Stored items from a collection
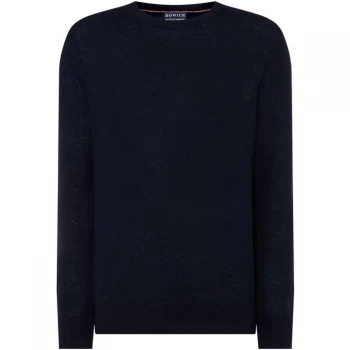 image of Howick Arlington Crew Neck 100% Lambswool Jumper - Midnight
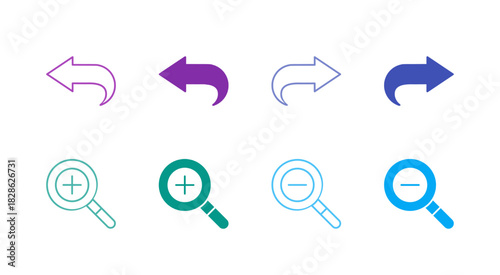Flat Colored History and Zoom Icon Set in Outline and Solid Style for View Control and Revision Functions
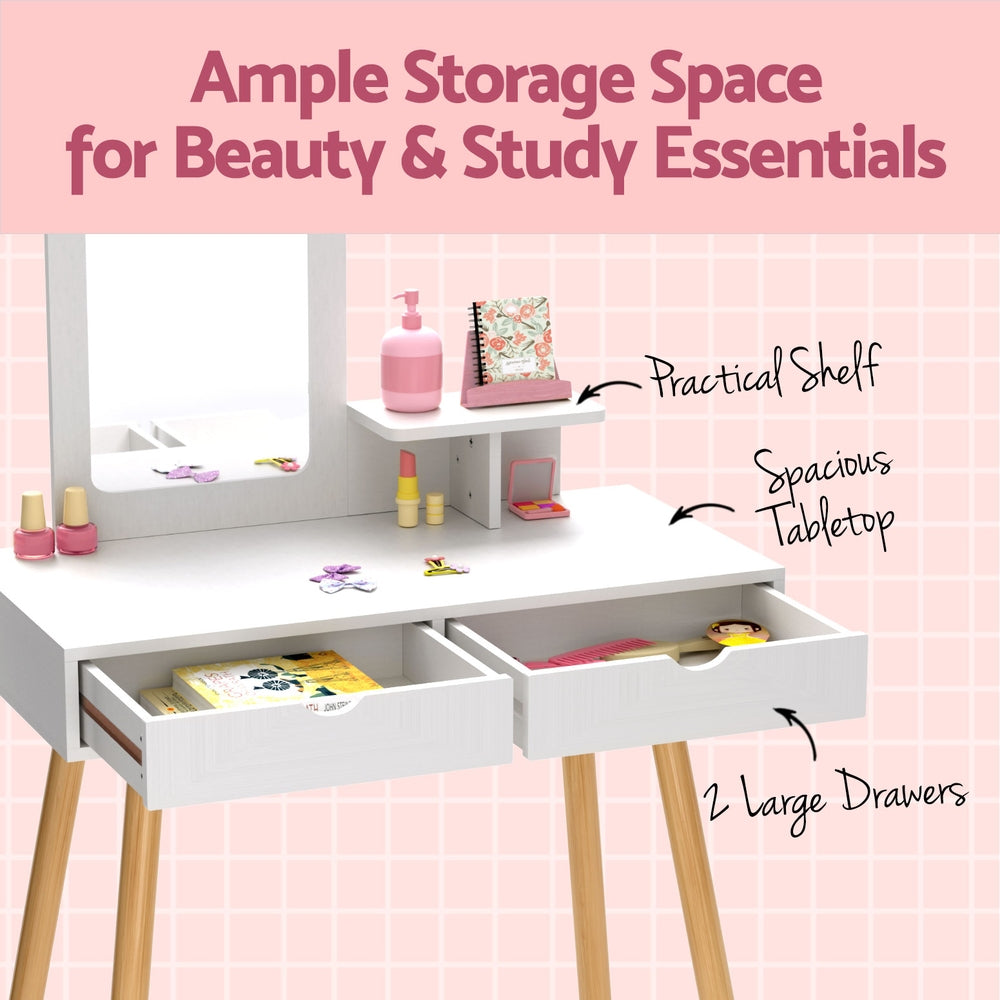 Keezi Kids Dressing Table Vanity Makeup Chair Set with Mirror Drawers Wooden Legs 7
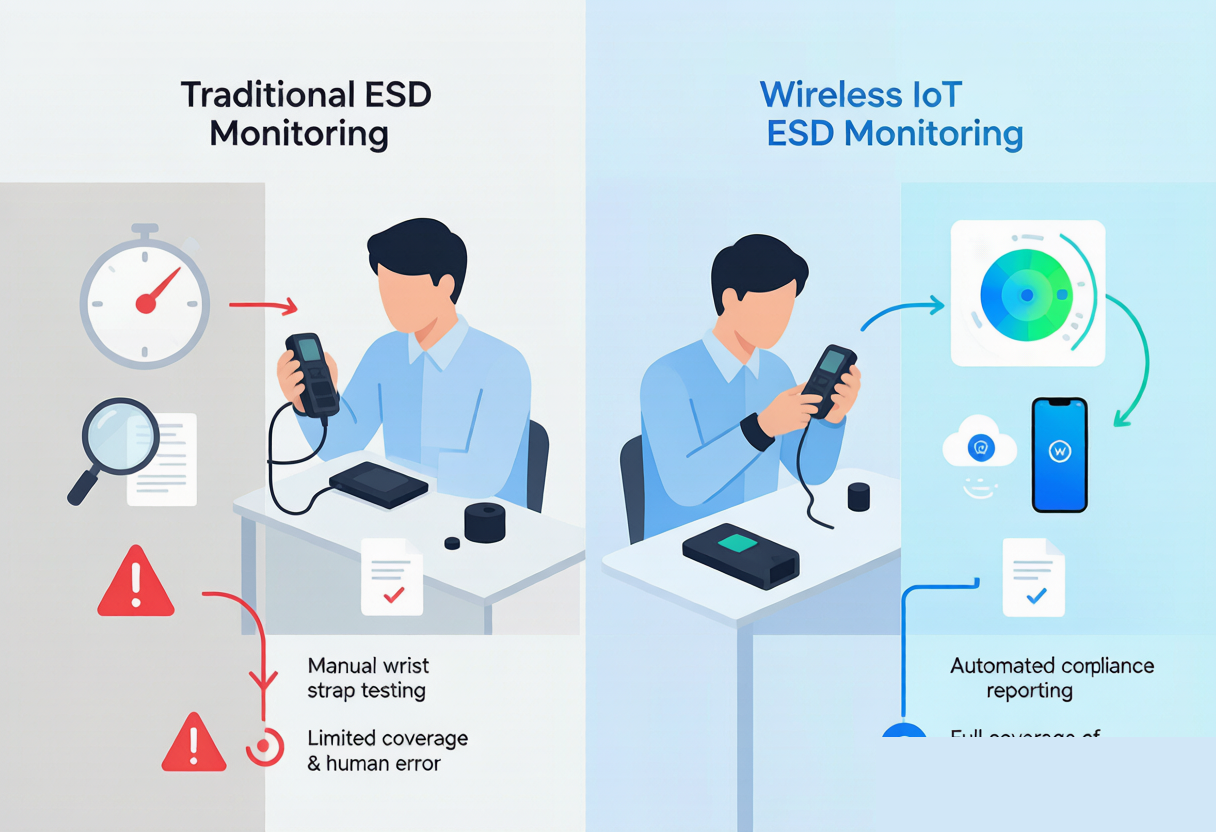 Traditional vs IoT ESD Monitoring Comparison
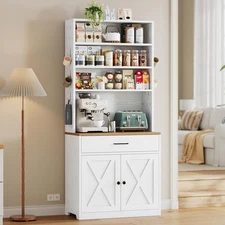 Bakers Rack Microwave Stand with Storage and Pegboard, 71" Farmhouse Coffee B...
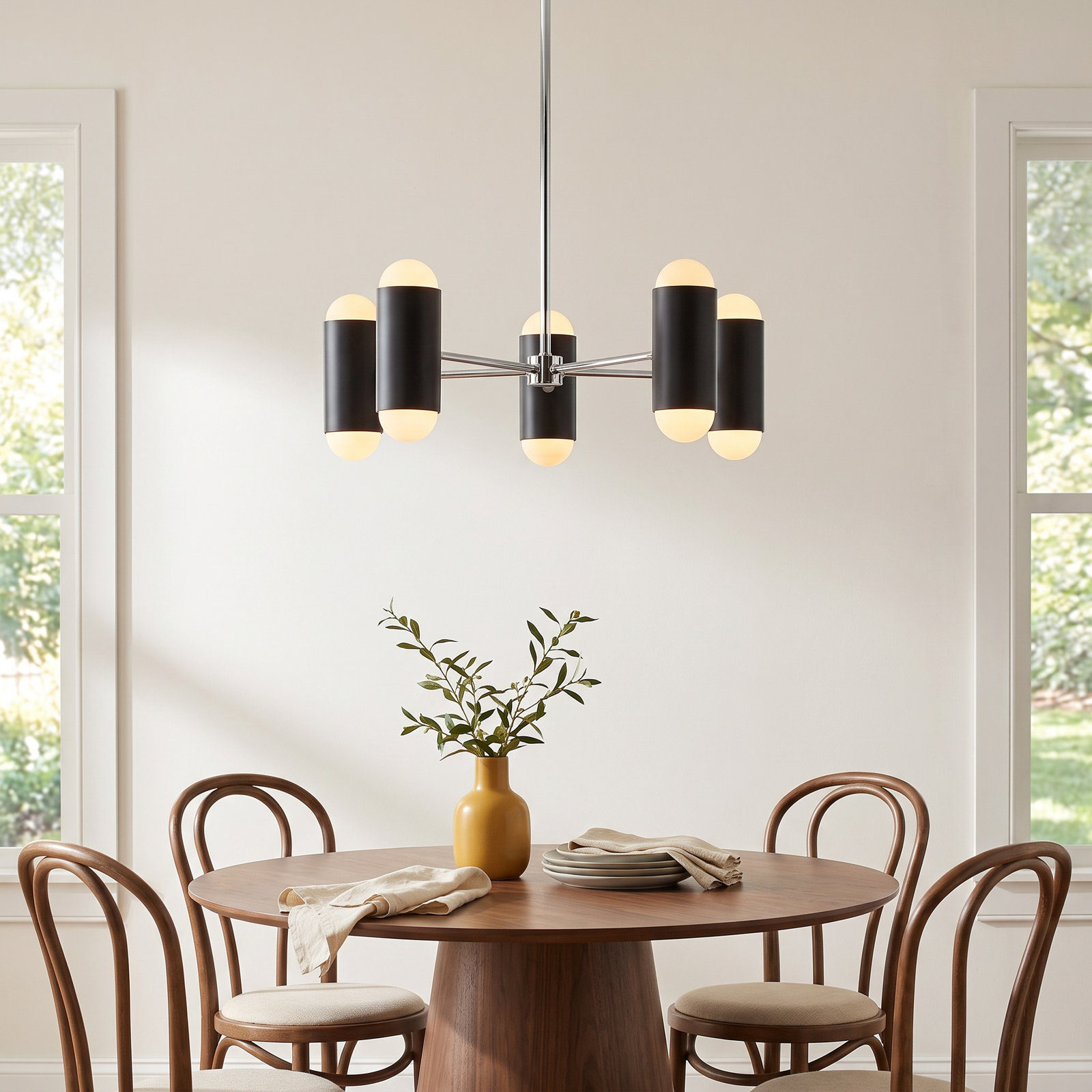 Victoria 10 - Light Sputnik Chandelier, Polished Nickel/Soft Black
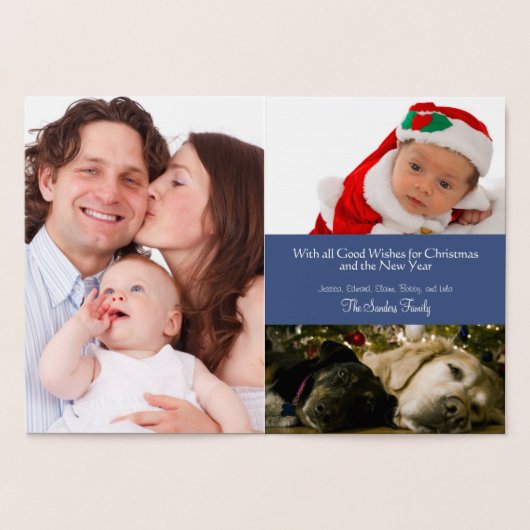 Gouden Blauwe Kerstboom Vakantie Fotocollage Folie Kaarten (Binnen)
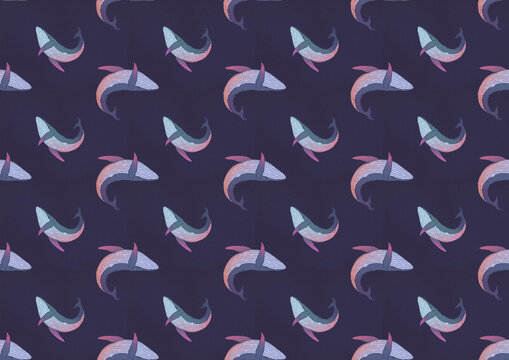 Whale Seamless Pattern Illustration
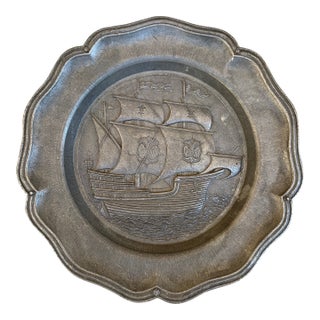 Mid-Century German Pewter Sailing Ship Wall Plate With Heraldic Eagles For Sale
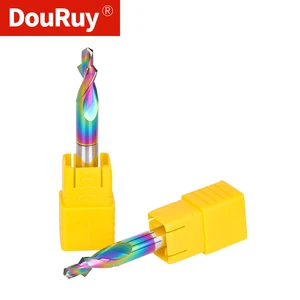 DouRuy Colorful Carbide 2 Flute Step Chamfer Drill Bits for Aluminum Door Window Drill Bits Chamfered Countersunk Step Drill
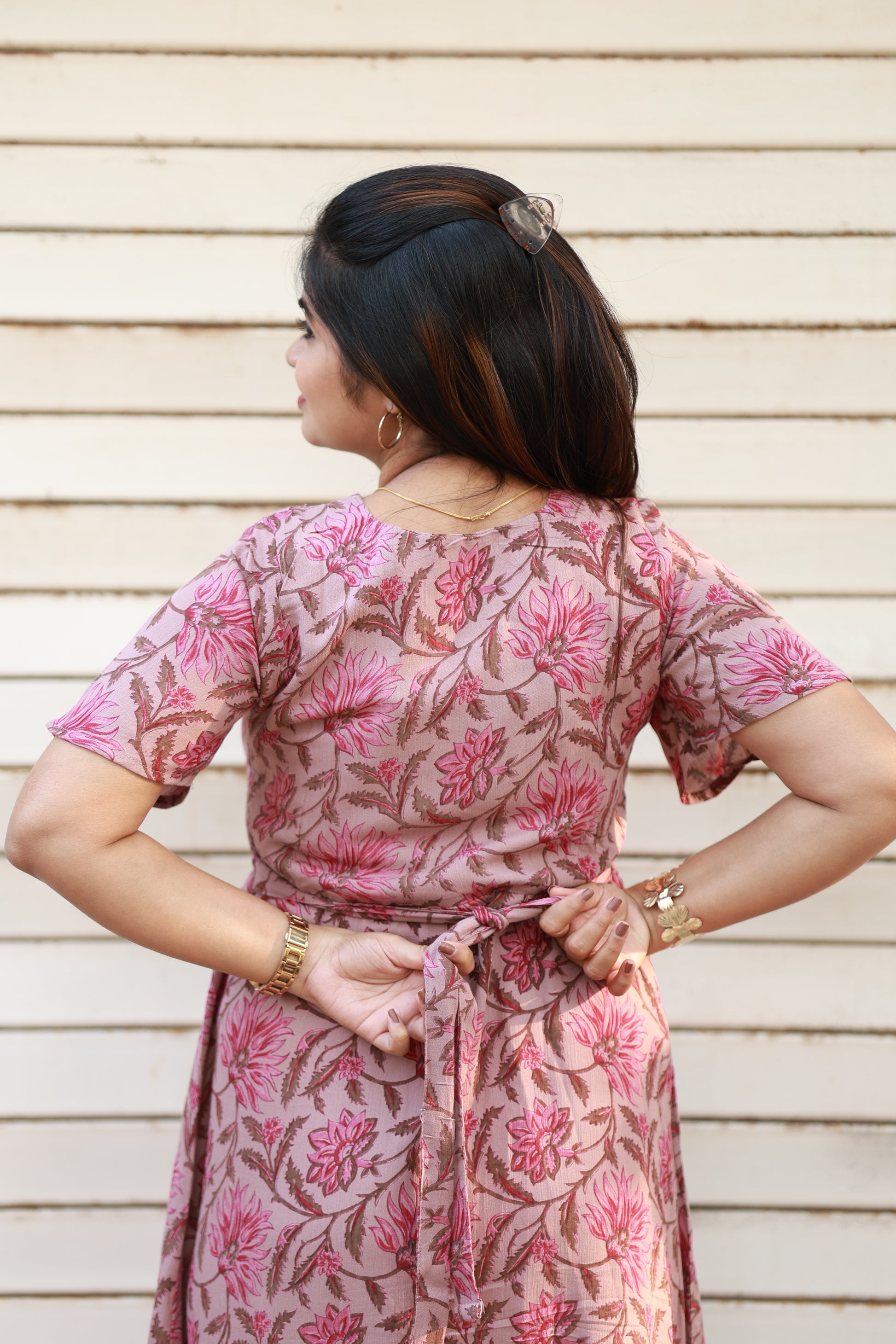 Maternity Maxi/Gown/Midi- Bump friendly back tie dress, Skin friendly cotton fabric, Half sleeve dress with Neemai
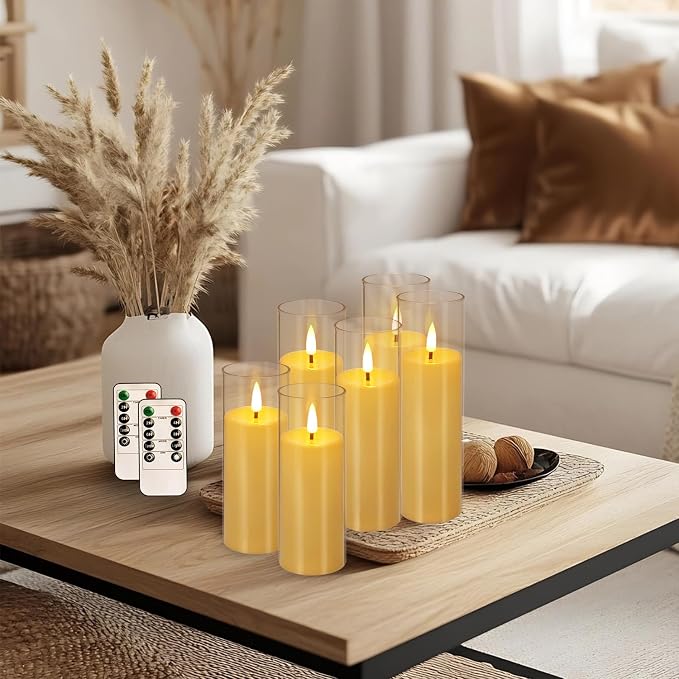 YOROXRG Flickering Flameless Candles Battery Operated with Remote and 2/4/6/8 H Timer Plexiglass LED Pillar Candles with Realistic Moving Wick for Home Decor Pack of 48 (D2.2 xH 5" 6" 7") (Ivory)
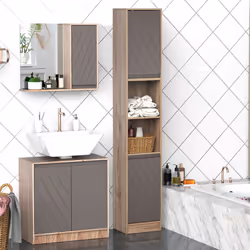 HOMCOM 170cm Freestanding Storage Cabinet Slimline Unit w/ 2 Cupboards - Additional view 7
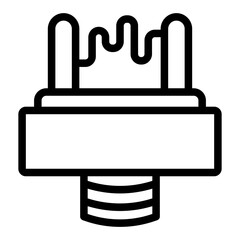 Atomizer with spring line icon, vape device concept. Vector graphics. Vaping sign on white background, style icon mobile or web design.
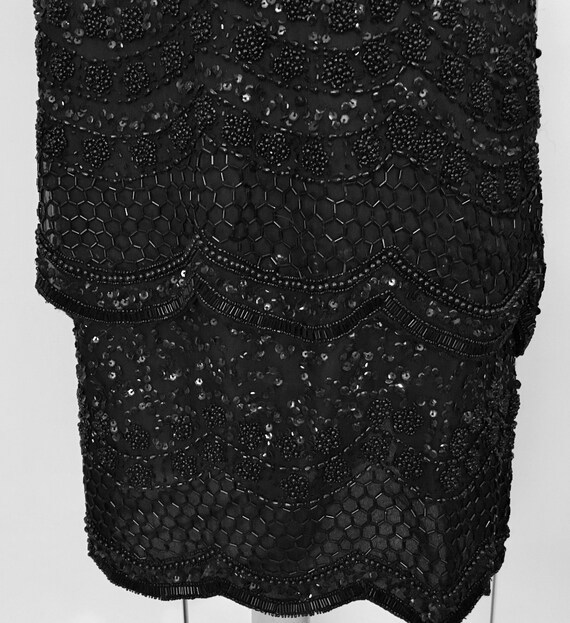 Sequined and beaded dress -  Black sequins over b… - image 7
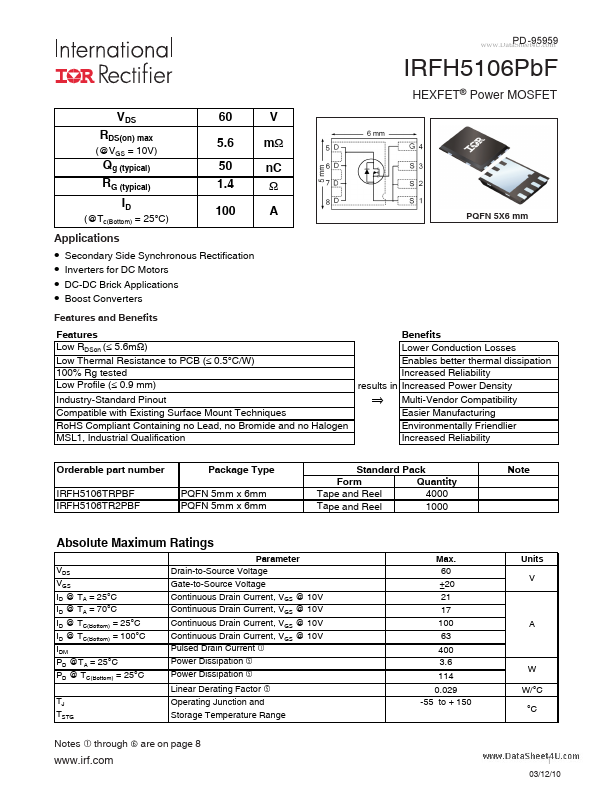 IRFH5106PBF International Rectifier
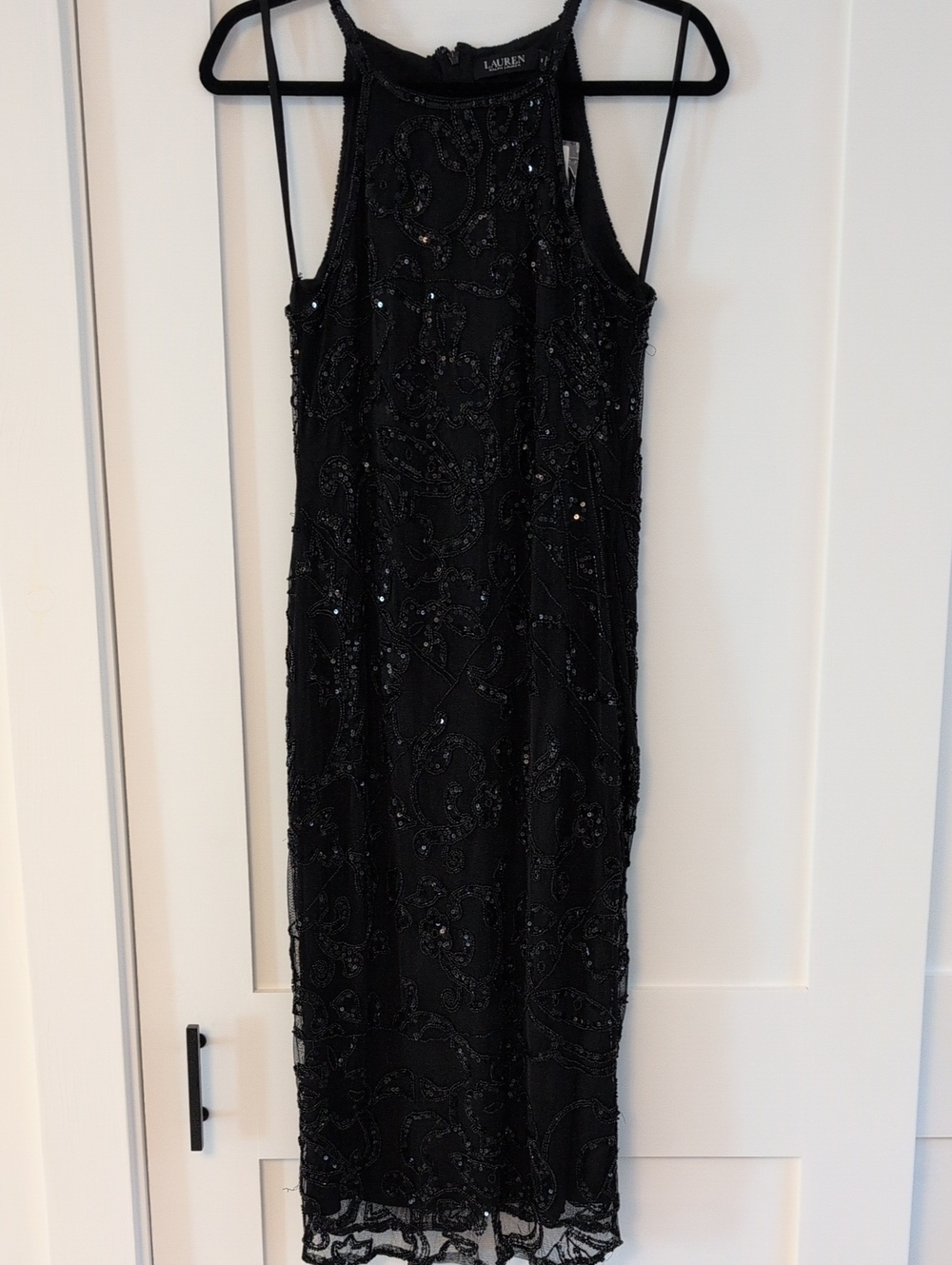 Lauren Ralph Lauren Black Beaded Halter Maxi Dress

> [WHAT IS NEEDED] Output, exactly, all the records above; include no pictures.

> [SOLUTION TO THIS PROBLEM]
 image of Howick Arlington Crew Neck 100% Lambswool Jumper - Midnight
Flat Colored History and Zoom Icon Set in Outline and Solid Style for View Control and Revision Functions
 Keezi Kids Dressing Table Vanity Makeup Chair Set with Mirror Drawers Wooden Legs 7
 Traditional vs IoT ESD Monitoring Comparison
 Bakers Rack Microwave Stand with Storage and Pegboard, 71" Farmhouse Coffee B...
 Victoria 10 - Light Sputnik Chandelier, Polished Nickel/Soft Black
 Gouden Blauwe Kerstboom Vakantie Fotocollage Folie Kaarten (Binnen)
 Whale Seamless Pattern Illustration
 Mid-Century German Pewter Sailing Ship Wall Plate With Heraldic Eagles For Sale
 DouRuy Colorful Carbide 2 Flute Step Chamfer Drill Bits for Aluminum Door Window Drill Bits Chamfered Countersunk Step Drill
 Maternity Maxi/Gown/Midi- Bump friendly back tie dress, Skin friendly cotton fabric, Half sleeve dress with Neemai
 YOROXRG Flickering Flameless Candles Battery Operated with Remote and 2/4/6/8 H Timer Plexiglass LED Pillar Candles with Realistic Moving Wick for Home Decor Pack of 48 (D2.2 xH 5" 6" 7") (Ivory)
 HOMCOM 170cm Freestanding Storage Cabinet Slimline Unit w/ 2 Cupboards - Additional view 7
 Atomizer with spring line icon, vape device concept. Vector graphics. Vaping sign on white background, style icon mobile or web design.
 Sequined and beaded dress -  Black sequins over b… - image 7
 IRFH5106PBF International Rectifier
 Lauren Ralph Lauren Black Beaded Halter Maxi Dress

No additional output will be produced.